Keywords: Uropathogenic Escherichia coli, Drug resistance, Integrons, Extended spectrum beta-lactamase, Tandem repeat sequences
INTRODUCTION
Urinary tract infections (UTIs) are the second most prevalent community-acquired infection and the main cause of nosocomial infection (1). UTIs are caused by a range of bacteria, but Escherichia coli is the most frequent urinary tract pathogen, accounting for 75% to 95% of UTI cases (2). Treatment of UTI has become problematic in recent years due to the increased resistance to the first-line antimicrobial agents used for UTI empirical therapy, including beta-lactams, trimethoprim-sulfamethoxazole (SXT), and fluoroquinolones (3, 4). Dissemination of antibiotic resistance genes by horizontal transfer has led to alarming rates of antibiotic resistance among pathogenic bacteria (5).

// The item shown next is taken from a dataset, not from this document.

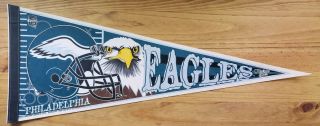 Vintage Windcraft Philadelphia Eagles Nfl Pennant Flag Banner 1996
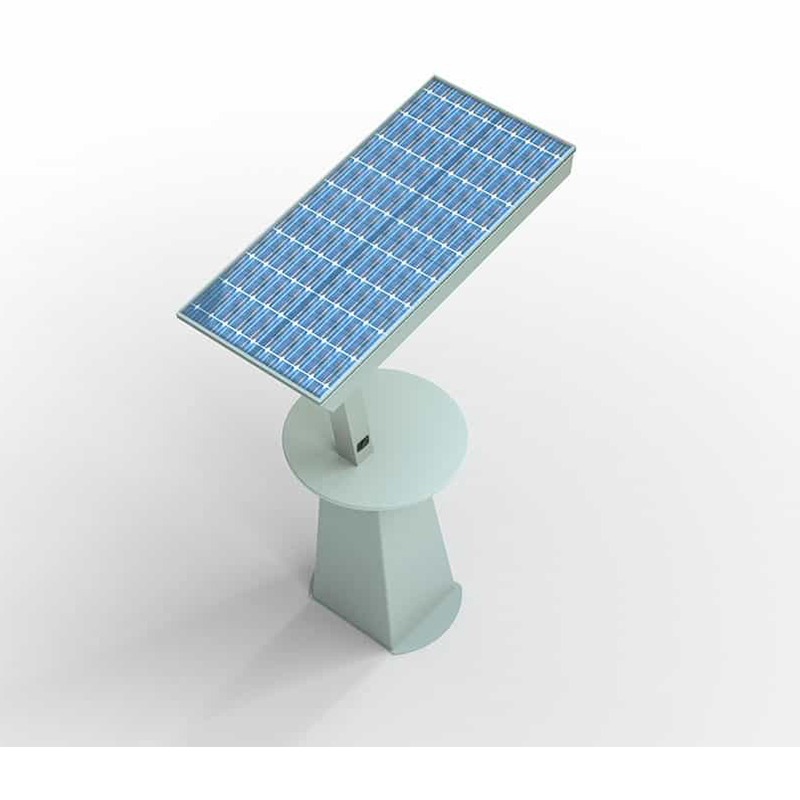 Zonnepaal laadstation Outdoor salontafel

Resistance genes are distributed by plasmids or transposons and also can be integrated by using a site-specific recombination mechanism into DNA elements designated integrons (6).
Integrons play a major role in the acquisition, expression, and dissemination of antibiotic resistance genes among bacterial populations (5). Integrons are composed of three different elements: an integrase gene (intI) that mediates gene cassette integration and excision through site-specific RecA-independent recombination; an attI recombination site where cassettes are inserted; and a Pc promoter responsible for gene cassette expression (5). To date, four classes of integrons have been identified based on their integrase (intI) gene (5). Class I (intI I) and class II (intI II) integrons are commonly detected in Gram-negative bacteria, including E. coli, and are responsible for conferring resistance to multiple antibiotics (7).

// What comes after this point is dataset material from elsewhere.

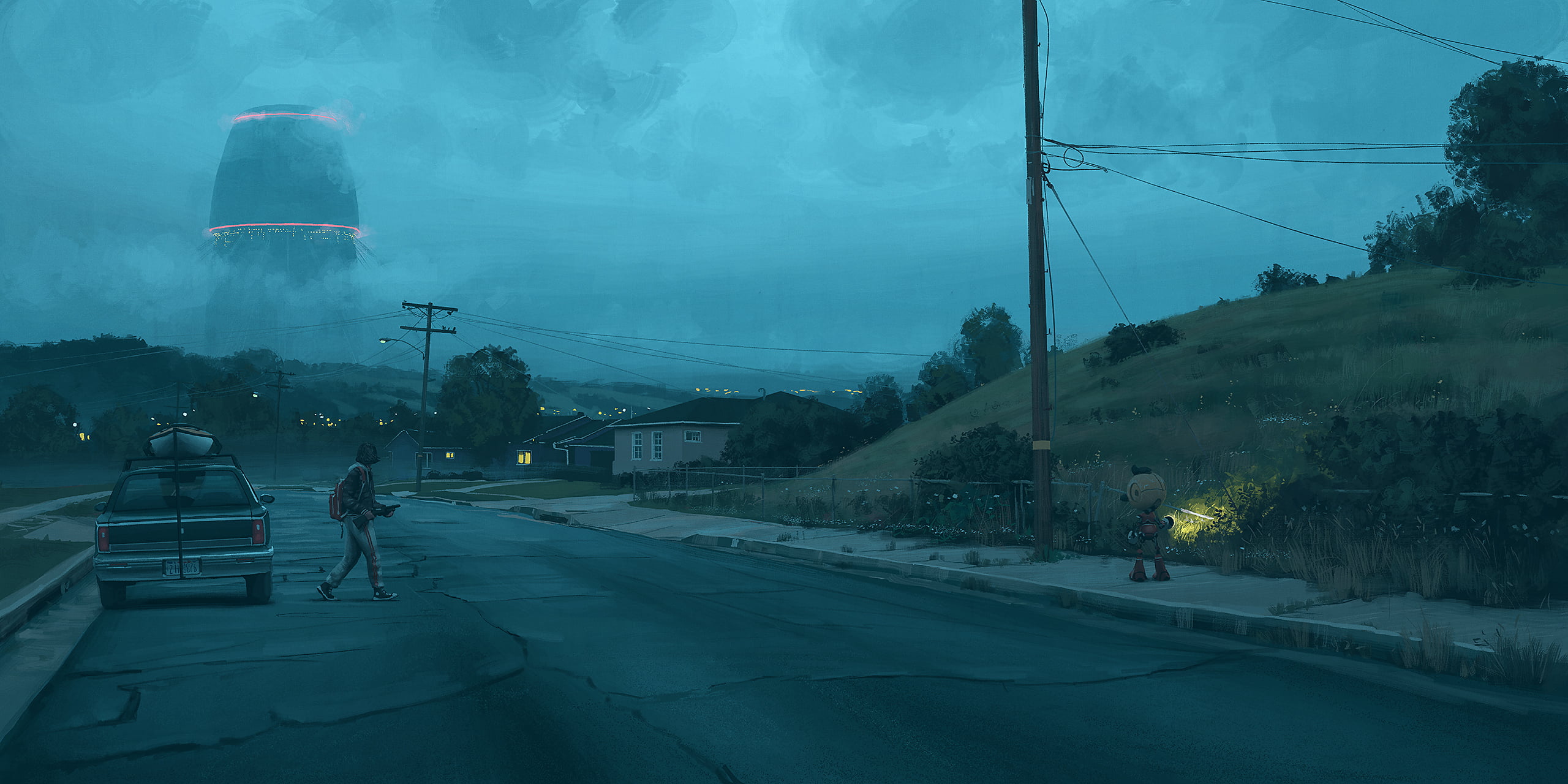 game application screengrab n digital art Simon St lenhag 2k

Extended-spectrum β-lactamases (ESBLs) are a group of diverse and rapidly evolving enzymes that can cause resistance to various types of β-lactam antibiotics, including third-generation cephalosporins and monobactams (1). ESBL-producing E. coli is a serious problem in public health since these ESBL genes can be spread by plasmid-mediated integrons, insertion sequence (IS) elements, and transposons among different bacteria species causing outbreaks as well as sporadic infections (8). Most ESBLs have evolved by genetic mutation from narrow spectrum β-lactamase, especially blaTEM-1 , blaTEM-2 , and blaSHV-1. In the late 1980s, a new ESBL, blaCTX-M enzyme was discovered, which is associated with community-acquired urinary tract infections. The blaCTX-M β-lactamases play an important role in resistance to third-generation cephalosporin, especially cefotaxime (9).
Molecular typing methods are frequently utilized to establish the clonal relationships between isolates for the purpose of epidemiological investigation. Multilocus variable-number tandem-repeat analysis (MLVA) is a PCR-based method that has been successfully used for the genotyping of numerous bacterial pathogens including E. coli (10–12).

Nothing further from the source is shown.